Making Security Habits Stick through Accessibility
Ashok Kakani focuses on the logistical and structural changes needed to make security training effective in high-pressure corporate environments. The primary issue he identifies is the traditional 30-minute or one-hour training module, which is often irrelevant and burdensome to specific business units. The core of his address is the advocacy for “micro-learning”—brief, one-to-two-minute videos tailored for different teams and delivered through platforms they already use daily, such as Slack. By moving security closer to the user’s workflow, organizations can build habits that stick without causing training fatigue.
Key Lines from the Speaker:
- “We don’t want to have like a 30 minutes or a one hour training program… it has to be a quick one or two minutes”.
- “Identify an ambassador in a team and work with them to build that right training program”.
- “You cannot just rely on training and awareness alone to solve any problem”.
Content: Contextual Incentives and Defense-in-Depth
Ashok Kakani (CISO Compunnel Inc) emphasizes that personalization is key to engagement. He recommends that training platforms integrate with HR data sources to deliver role-based or tag-based content, ensuring that employees only see what is relevant to their specific risks. He also suggests giving users a “choose-your-own-adventure” style option where they can pick from different training personas to increase interaction. To ensure employees concentrate on even short videos, Ashok proposes creative incentives, such as hiding “coupon codes” within training videos that users can submit for rewards.

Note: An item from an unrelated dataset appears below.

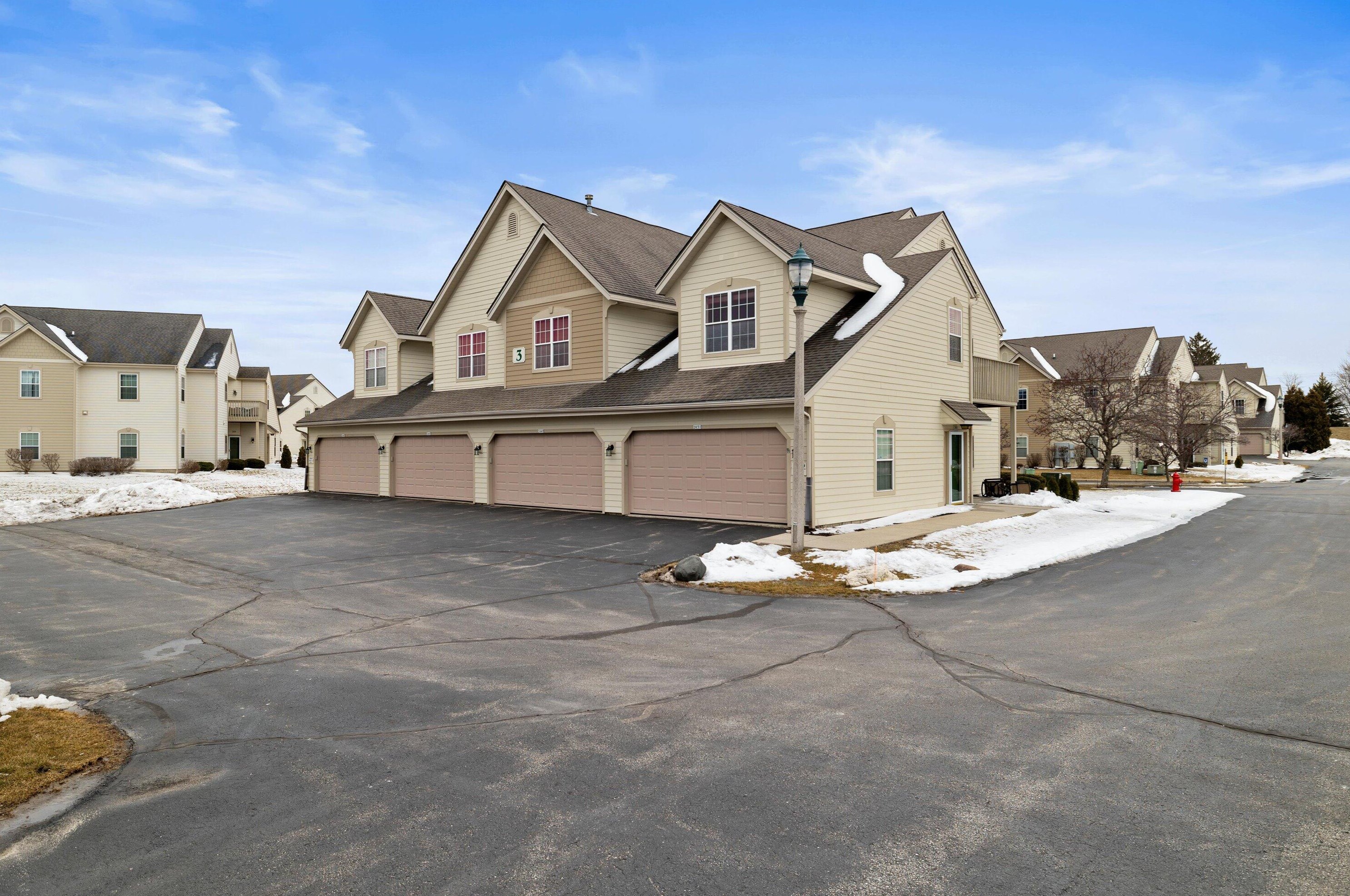 2645 W Honadel Blvd, Oak Creek, WI 53154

However, Ashok is quick to point out that training is not a silver bullet. He advocates for a “layered defense” strategy where technical controls catch the human errors. This includes robust email security to prevent malicious links from reaching the inbox, sandboxing platforms to safely open links, and strict endpoint security. He also stresses the importance of controlling “exit gates” like proxies and firewalls, and ensuring that critical infrastructure is only accessed through privileged accounts with multi-factor authentication. This holistic approach ensures that awareness is a strong component of defense, but not the only one.